ただ正直なところ、大きな感慨はない(小さな感慨も)。デジタルに完全移行したから感慨がないのでなく、同じようなことを写植屋さんの一斉廃業で経験しているから「そうでしたか」くらいの思いなのだ。いまどきは「写植屋さん」とは何か、美大の学生にさえ最初から説明しなくてはならないので、ここでも注釈が必要だろう。DTPの概念が存在しなかった時代、版下はカラス口で線を引き、電算写植(文字を文章として出力した印画紙)を切り貼りしてつくっていた。この文字打ちと出力を行うのが写植屋さんで、今では考えられないだろうが版下入稿の締め切りが迫っていても写植が納品されないのでレイアウトができないなんて事態がしばしばあった。写植屋さんは専用の機械をつかって文字打ちだけでなく文字詰めなんかもしてくれるのだけれど、微調整のためデザイナーは文字ごとばらばらに切って貼り付けたりもした。こういった印刷の文字部分に関わる作業や職能、職種、産業がDTPの登場によってまったく別物になったのだ。

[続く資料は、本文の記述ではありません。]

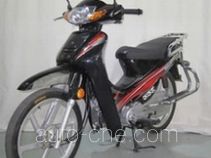 Qisheng underbone motorcycle QS125-2C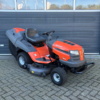 Husqvarna.png Husqvarna TC242T zitmaaier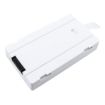Comen CMLI2X3I002B Patient Monitor Battery Replacement - 3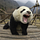 Go to the profile of Shi3013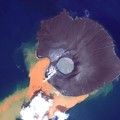 Apa Kabar Gunung Anak Krakatau?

写植とはなにか版下とはなにか、このくらいの歴史というか過去は知っておいてもらいたいけど、いくらそっち方面の人でも若い方が知らないというだけで責めたり馬鹿にしたりする気は毛頭ない。だって私も湿板写真の撮影から現像までのノウハウなんてないし。まずこの時代の中心にあるモノゴトの知識を得た上で、この時代をさらに進めるにふさわしいところまで技能を高めるのが第一なのだし。ただ「現在」は過去から連続したものなので、教養としてひと昔前くらいの技法などは知っておいたほうが伸び代が大きいのは間違いない。私がケミカルな反応で進めるフィルム現像と古典的な焼き付けを嫌というほど行なったことが、デジタルで撮影したり現像する上でとても役立っている。デザインの分野でも同じだろう。

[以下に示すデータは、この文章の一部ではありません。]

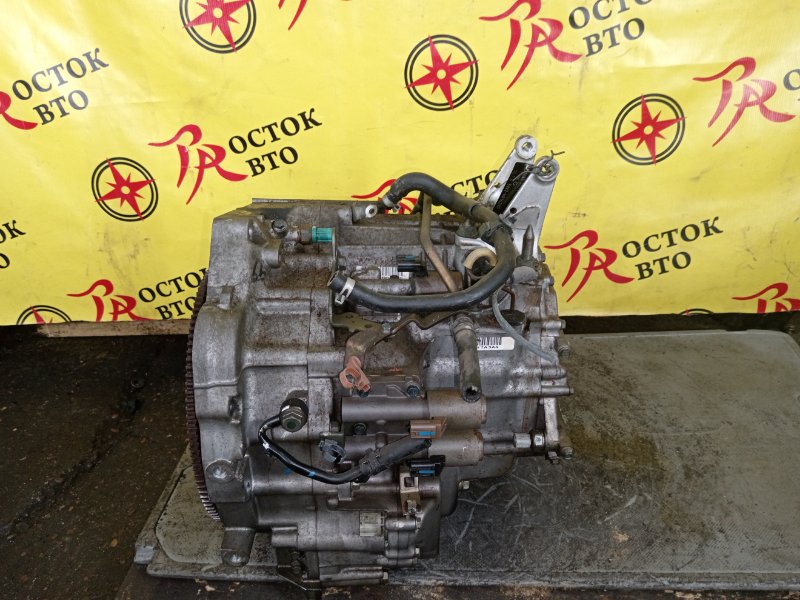 АКПП, 7000 рублей, Красноярск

堀内カラーが伝家の宝刀とも言える現像部門を外注するようになったのは、くどくど書くまでもないが、この時代の中心からケミカルなフィルム処理が、より端的に言えばフィルムそのものが消えたということだ。フィルムの現像は産業として成り立たなくなったのだ。産業として成り立たなくなったら即、意味や価値のないものになるわけではない。でも、写真画像(あるいは動画)を扱う上でのフィルムの優位性は無に近いところまで目減りしたのは事実だ。残されたわずかな価値はフィルムを必要としている人それぞれ別のところにあり何ものにも変えがたいのだとしても、時代は逆戻りすることはない。冷たい書き方だとしても、こればかりは仕方ない。いずれ大手のラボだけでなく(あと何年後かわからないが)外注先のラボも店じまいするだろう。フィルムの製造もまた。

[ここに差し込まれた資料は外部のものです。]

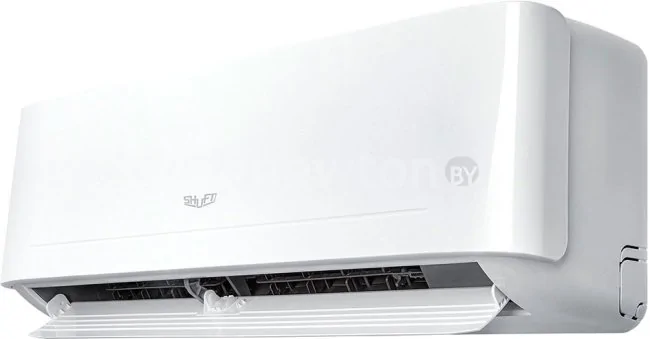 Кондиционер Shuft Berg SFTO-18HN1_24Y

絵画の世界では、絵画に求められる実用性が写真に取って代われられた後も、絵の具が製造され続けている。版画の刷り師さんの工房も続いている。こんな感じでフィルムが製造されたり、小規模なラボが存続するかもしれないが、趣味的に関わるには敷居が相当高くなるだろう。DTP登場時の話をもういちどするなら、写植が世の中を席巻する前は活字をひとひとつ拾う活版がほとんど唯一の印刷の手法だった。いまどき活版印刷は趣味的なものとして生き残っているけれど、風合いがどれだけ美しくてもおいそれと発注できるものでも手を出せるものでもなくなっている。電算写植が活版を追いやったように、フィルムは乾板写真を遠い過去に追いやり、どちらも更に新しいものによって駆逐された。ただそれだけのことだ。
ノスタルジーにひたるくらいなら、過去を教養へ、または過去を知識や技能へ高めるほうがよっぽどよい。ポジに限らず、フィルムを用いて撮影し現像し紙焼きにする一切合切を自らのものにしたほうがよい。私はそもそもフィルムにノスタルジーを感じないし、フィルムに対して幻想なんて抱いてないから再び現像・焼き付けの技能を高める気はないけどね(今のところは)。ノスタルジーなんてものは何も生み出さない。実用の分野だけでなく、芸術、趣味いずれにおいても何ひとつ生み出さない。教養や技能へ高められた場合だけ、新たなものを生み出す助けになるのだ。堀内カラーの中の人、かつて中の人だった方々などは複雑な思いかもしれないが、私はこの現実を以上のように受け止めたい。
プロラボよ、あのときはありがとう。